Do a solid stage 0 tune up along with trans flush before any serious upgrades are done. Do the timing belt and flametrap if they havent been done.
 
its important to know the health of your engine before doing anything.
zero tune is essential before attempting anything.
auto trans is the weakest link, consider a manual swap, ive done it myself.
a 16t should be fine with a light tune.
i would only push to a 18t when considering 270-350hp. but be ready to invest in supporting hardware.
 
I am very happy with my 16T build on my wagon. I have everything the 18T guys have but on my 16T. I ,as well as others with the 18T, find my car to be a little more punchy down low. (example Robt5 has my exact same set up but on an 18T with the correct tune... he gets ZERO wheel spin off the line, I on the other hand have the 16T with Tune, and get plenty of wheel spin.) Now on the flip side, once his 18T is going he blows by me. so its kinda up to your driving style... are you more of a highway at 100mph person or more of a city jumping in front of other drivers type person. My car for daily city driving is a blast.
 
All HPT 850's received TD04HL-15G turbos, with stock boost for turbo and T5 models set at 9.6 psi, and T5-R and R models at 10.5 psi (stock hp are 222 and 240, respectively). (The European 850R received a 16T turbo)

All HPT 70-series cars received 16T turbos (with the exception of the V70R's, which received 18T's in 98 and 99, and 19T's in 2000). Not sure on stock boost setting, I'd assume it's around 10 for the T5's and probably 12.5 or so for the R's.
 
RSPi you have the early conical 15G(restrictive exhaust side), i'm assuming your car is bone stock so you're producing 11lbs.

A 16T will bolt right up, I do have a good one sitting in my home as display. It is the sought after angled flange(better flow) and I also have a Japanifold(better flowing exhaust manifold over the 850 turbo manifold) sitting.
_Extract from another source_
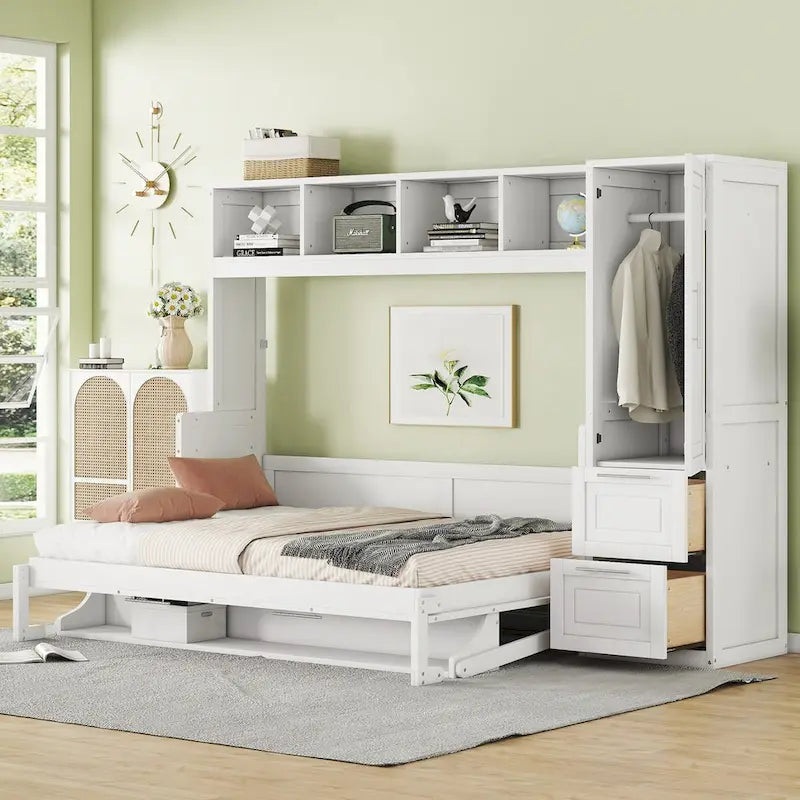 Lit mural escamotable pleine grandeur avec armoire et tiroirs, gris/blanc, enfants garçons et filles, 1 personne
Since you are asking about bigger turboes what I suggest is you first get an ARD Green Remap, your car will feel like a rocket!
0-60: 6.2
1/4mile: 14.7

Completely safe and your MPGs will go up when cruising! AND you will be as quick as a stock manual T5, maybe quicker on the highway...

Click below:
http://www.snabb.us/Snabb-Ard-Green-Tune-_p_110.html

Later down the line you can throw on a cat-back exhaust(DEFINITELY before you enter into a cross country race that requires speeds of over 140mph+ in some sections) b/c sustained peak boost pressures will crack the turbine housing on your 15G due to restricted flow.

I had a cracked housing(hotside) for over a year before I found the 16T i'm running now.

Later on, you can toss on a 16T and a Japanifold. By this time you may be around the limits of the stock autobox but it will hold just fine.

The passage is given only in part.